Tidak terbantahkan, sebuah penyalahgunaan wewenang bakal selalu kemungkinan terjadi karena ada kesempatan yang terbuka. Dana Desa misalnya, berbagai modus korupsi dana desa ini sesungguhnya bisa diantisipasi jika warga desa dan berbagai perangkat yang memiliki wewenang melakukan pengawasan aktif memonitor setiap langkah yang dilakukan dengan pembelanjaan dana desa.
“Tercatat sedikitnya sudah ada 181 kasus korupsi dana desa dengan 184 tersangka korupsi dan nilai kerugian sebesar Rp 40,6 miliar,” kata peneliti ICW Egi Primayogha, dalam keterangan tertulisnya.
Tercatat, ada 17 kasus pada tahun 2015. Pada tahun kedua, jumlahnya meningkat menjadi 41 kasus.

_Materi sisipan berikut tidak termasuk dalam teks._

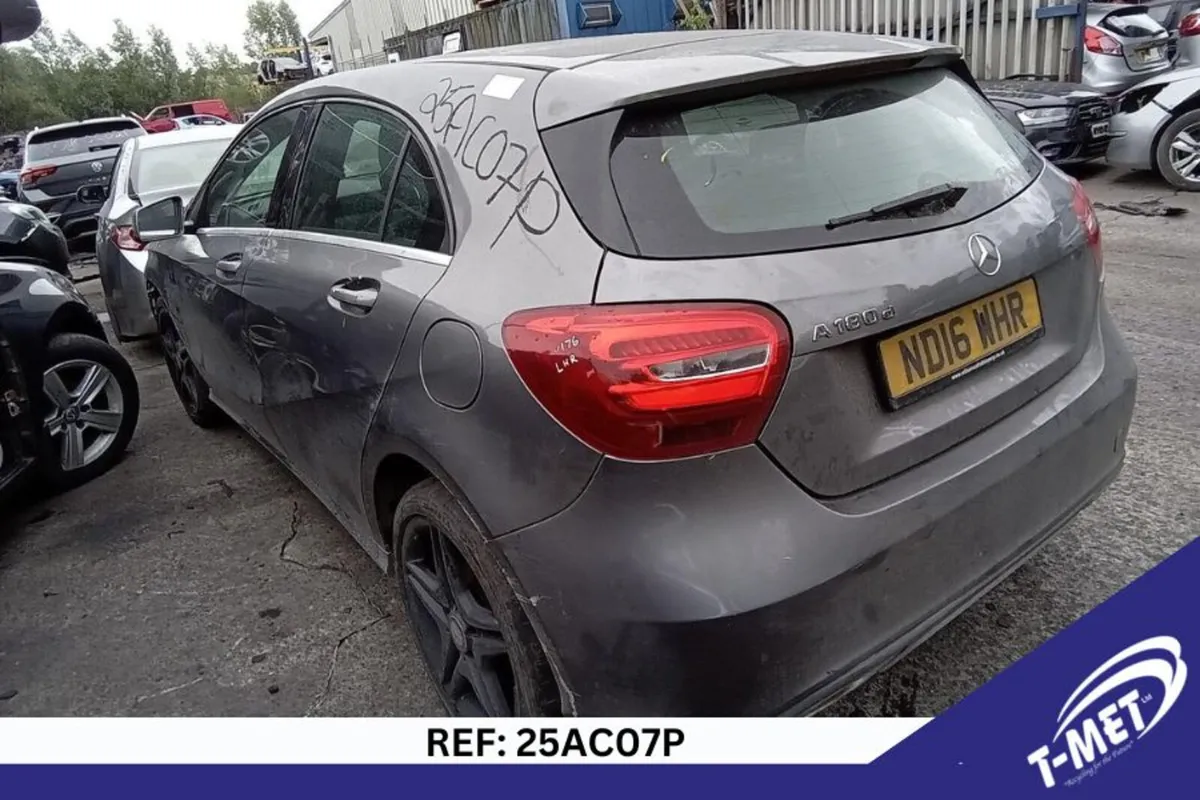 2016 MERCEDES A-CLASS BREAKING FOR PARTS - Image 1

Sementara, pada 2017, korupsi dana desa melonjak lebih dari dua kali lipat menjadi 96 kasus. “Sementara pada semester I tahun 2018, terdapat 27 kasus di desa yang semuanya menjadikan anggaran desa sebagai objek korupsi,” kata Egi.

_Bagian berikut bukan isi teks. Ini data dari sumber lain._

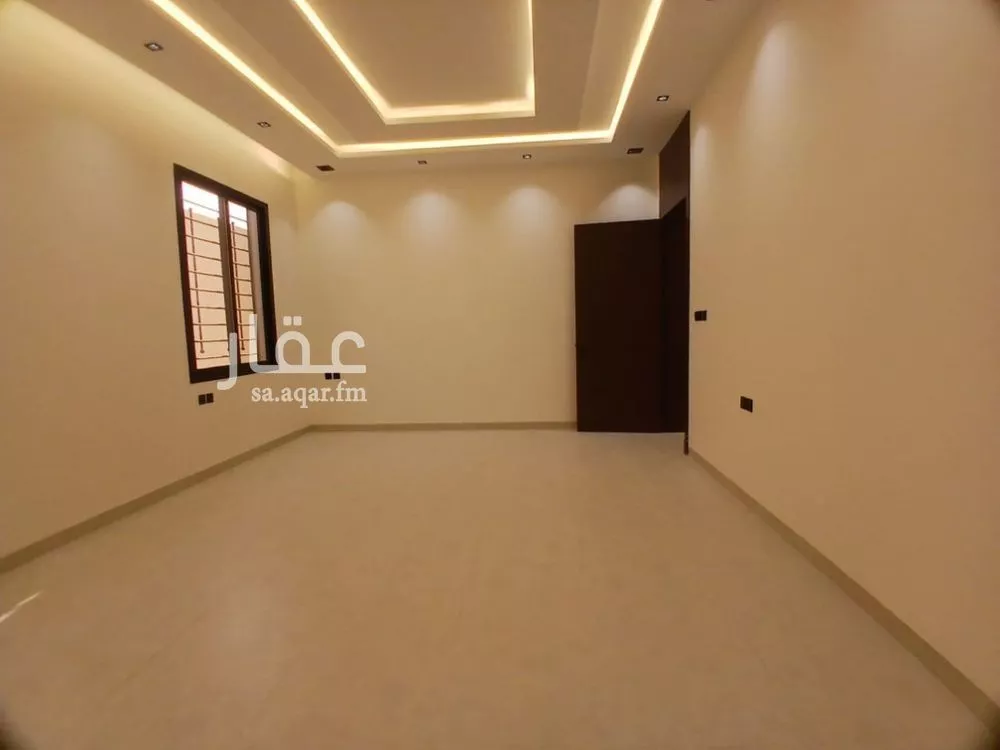 3 bedroom floor in Al Hazm 6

Peneliti ICW Egi Primayoga memaparkan hasil penelitiannya, ada 12 modus korupsi dana desa yang disimpukan ICW berdasar penelitiannya. Modus itu antara lain:
1. Membuat rancangan anggaran biaya di atas harga pasar.
2. Mempertanggungjawabkan pembiayaan bangunan fisik dengan dana desa padahal proyek tersebut bersumber dari sumber lain.
3. Meminjam sementara dana desa untuk kepentingan pribadi namun tidak dikembalikan.
4. Budaya ewuh-prakewuh di desa menjadi salahsatu penghamat pada kasus seperti ini sehingga sulit di antisipasi.
5. Pungutan atau pemotongan dana desa oleh oknum pejabat kecamatan atau kabupaten.
6. Membuat perjalanan dinas fiktif kepala desa dan jajarannya. Banyak kasus perjalanan untuk pelatihan dan sebagainya ternyata lebih ditujukan utuk pelesiran saja.
7. Pengelembungan (mark up) pembayaran honorarium perangkat desa.
8. Pengelembungan (mark up) pembayaran alat tulis kantor.
9. Memungut pajak atau retribusi desa namun hasil pungutan tidak disetorkan ke kas desa atau kantor pajak.
11. Melakukan permainan (kongkalingkong) dalam proyek yang didanai dana desa.
12. Membuat kegiatan atau proyek fiktif yang dananya dibebankan dari dana desa.